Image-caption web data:
++++

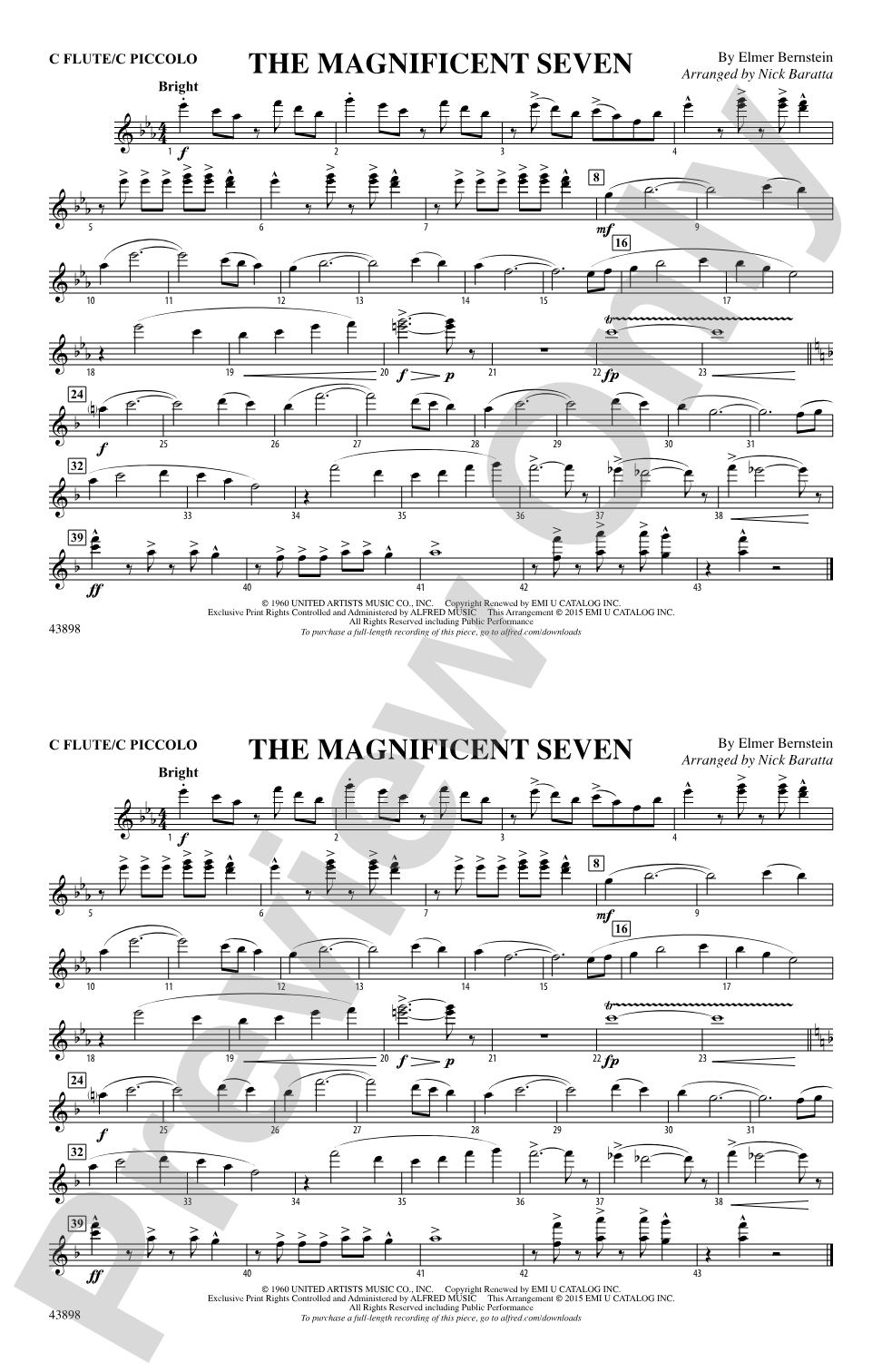 The Magnificent Seven: Flute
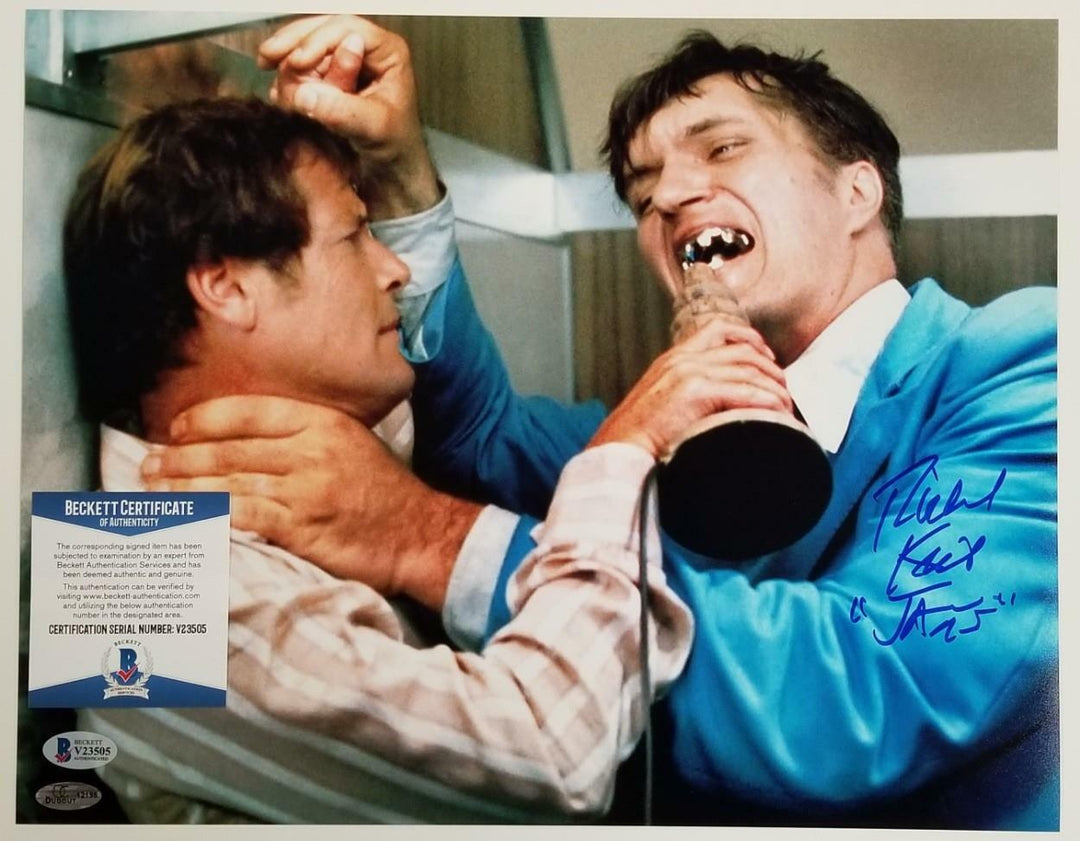Richard Kiel signed "Jaws" 11x14 Photo Spy Who Loved Me Autograph ~ BAS COA
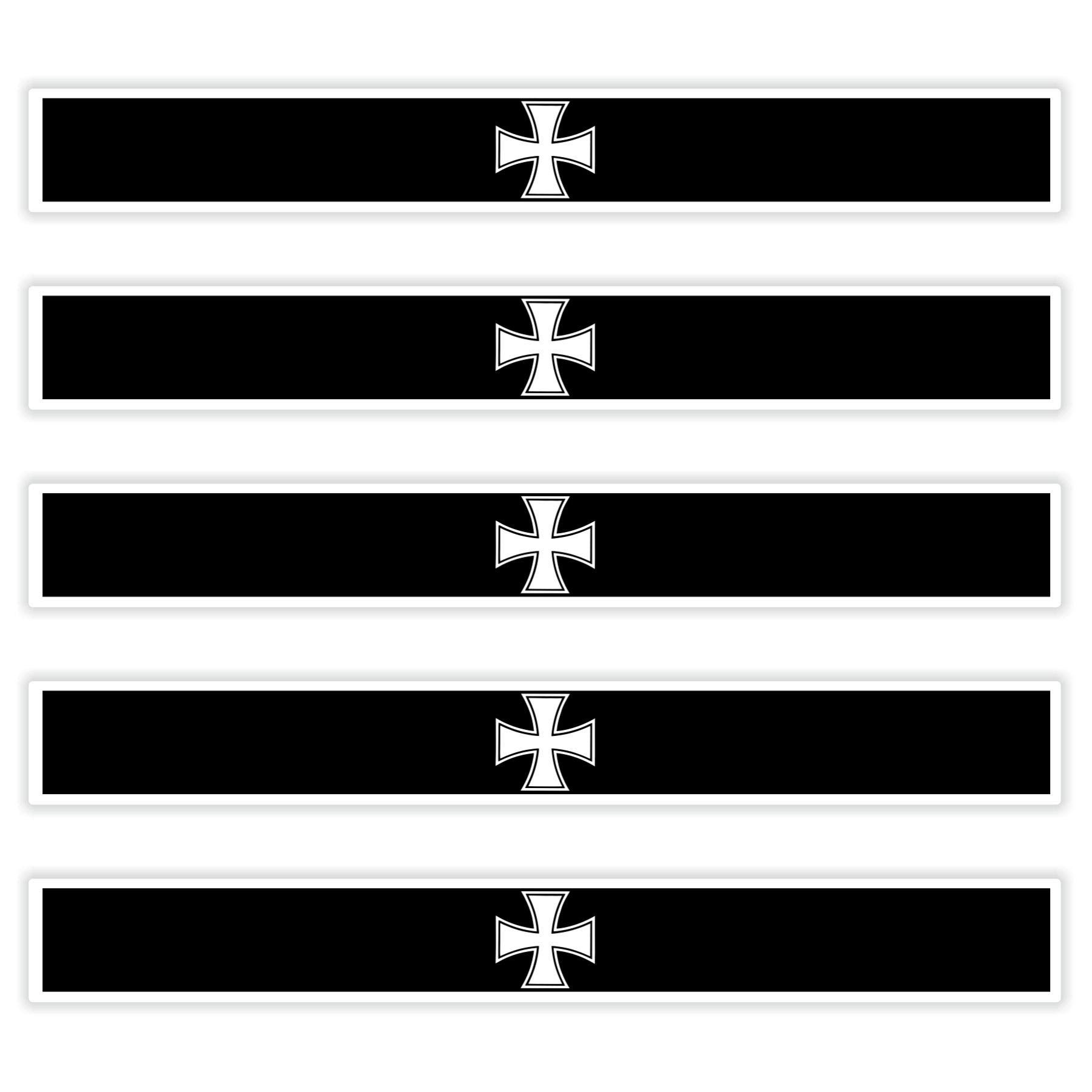 5 x Aufkleber Ritter Kreuz/EISERNE Kreuz - schwarz - f. KFZ Auto Motorrad Boot Flagge Fahne 5 x Aufkleber Ritter Kreuz/EISERNE Kreuz - schwarz - f. KFZ Auto Motorrad Boot Flagge Fahne von FanShirts4u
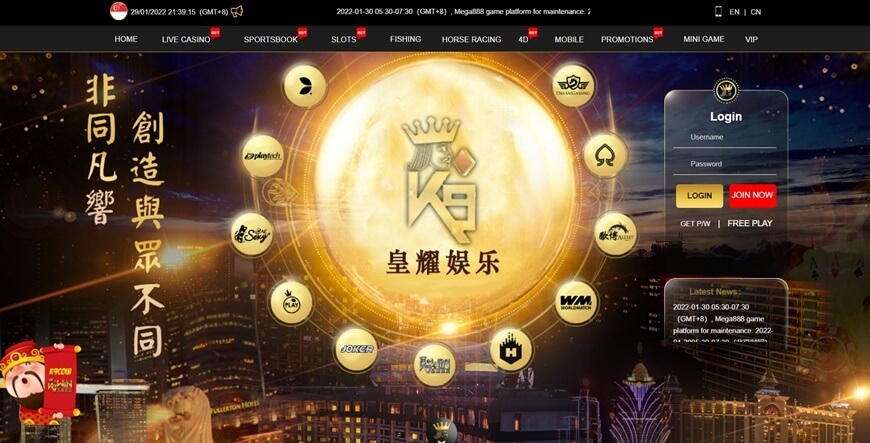 K9Win | Bring The Amazing Singapore Casino Paradise For You 2 K9WIN interface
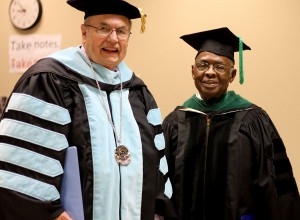 Dr. Muse and Dr. Smith before the 9am Commencement Ceremony.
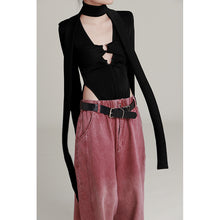 Load image into Gallery viewer, Cutout Jumpsuit Knitted Top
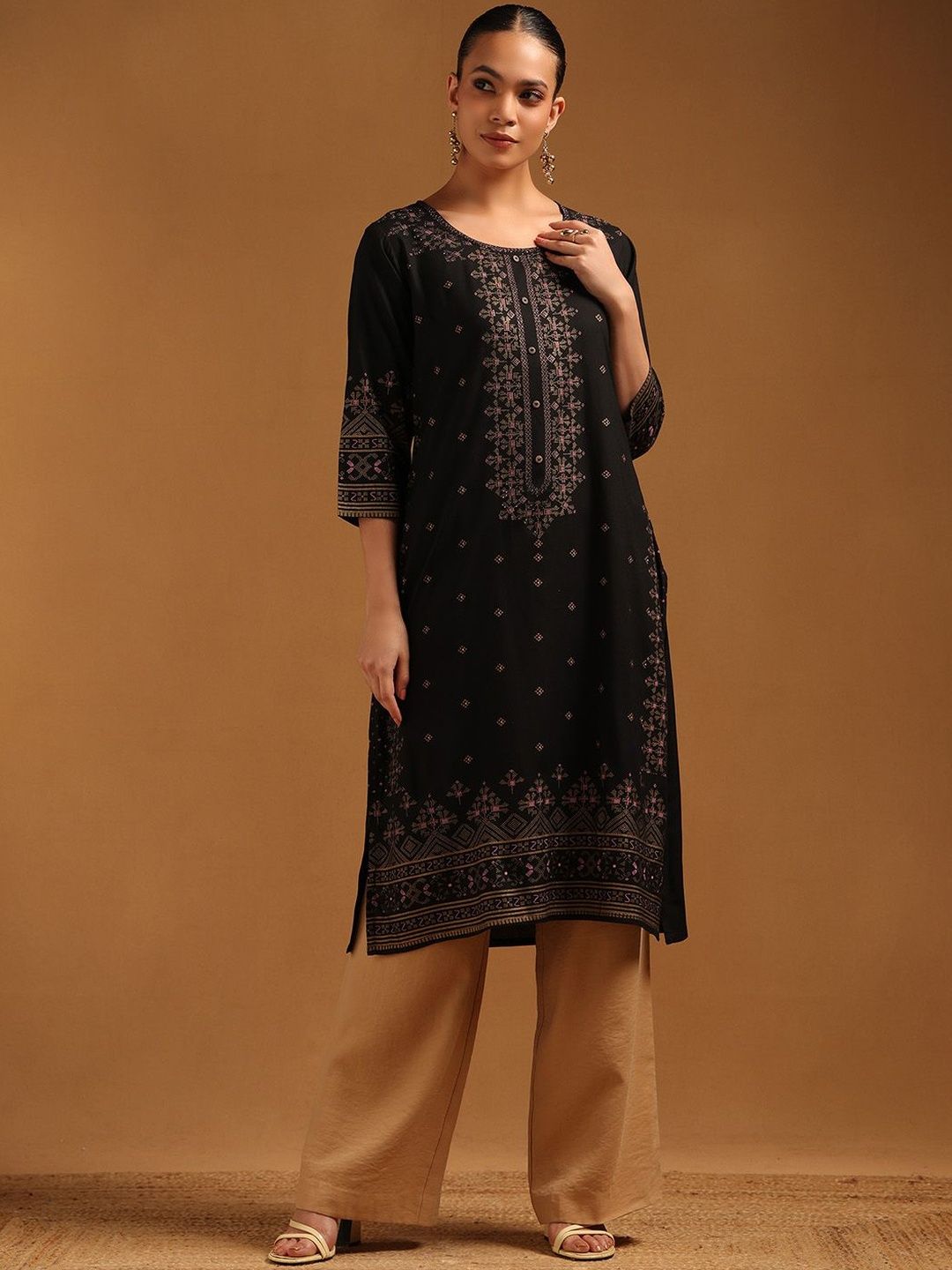 Women Floral Printed Kurta Soch Women Floral Printed Kurta
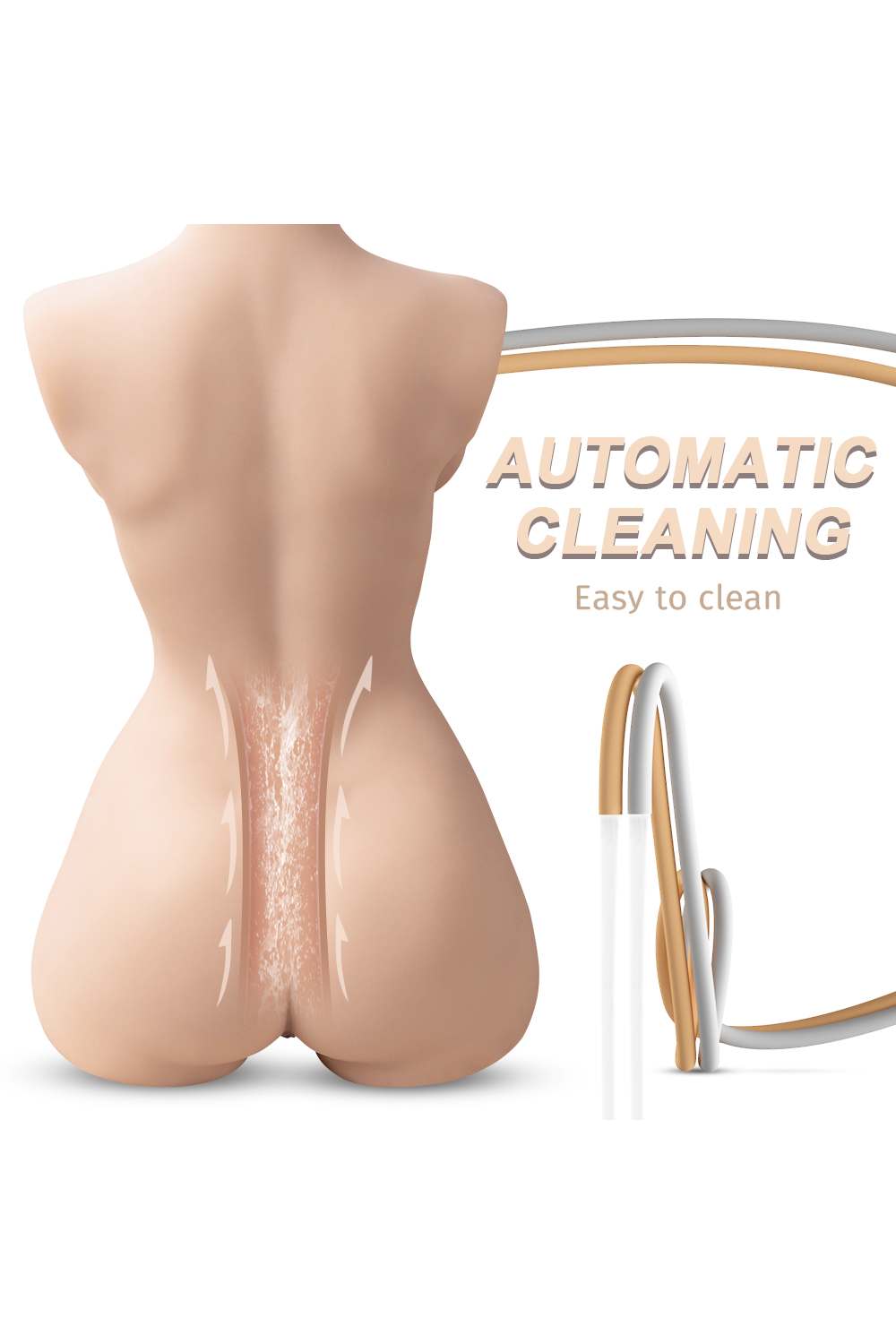 Hermosa - 43.5cm Automatic Sex Doll Torso - Xise Doll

++++

> [Exercise goal]: Leaving out the pictures, return exactly the lines from the one that contains "Fahne von FanShirts4u" through the last line of the records above, inclusive.

> [Finished task]:
 5 x Aufkleber Ritter Kreuz/EISERNE Kreuz - schwarz - f. KFZ Auto Motorrad Boot Flagge Fahne 5 x Aufkleber Ritter Kreuz/EISERNE Kreuz - schwarz - f. KFZ Auto Motorrad Boot Flagge Fahne von FanShirts4u
 K9Win | Bring The Amazing Singapore Casino Paradise For You 2 K9WIN interface
 Dr. Muse and Dr. Smith before the 9am Commencement Ceremony.
 Load image into Gallery viewer, Cutout Jumpsuit Knitted Top
 Women Floral Printed Kurta Soch Women Floral Printed Kurta
 Hermosa - 43.5cm Automatic Sex Doll Torso - Xise Doll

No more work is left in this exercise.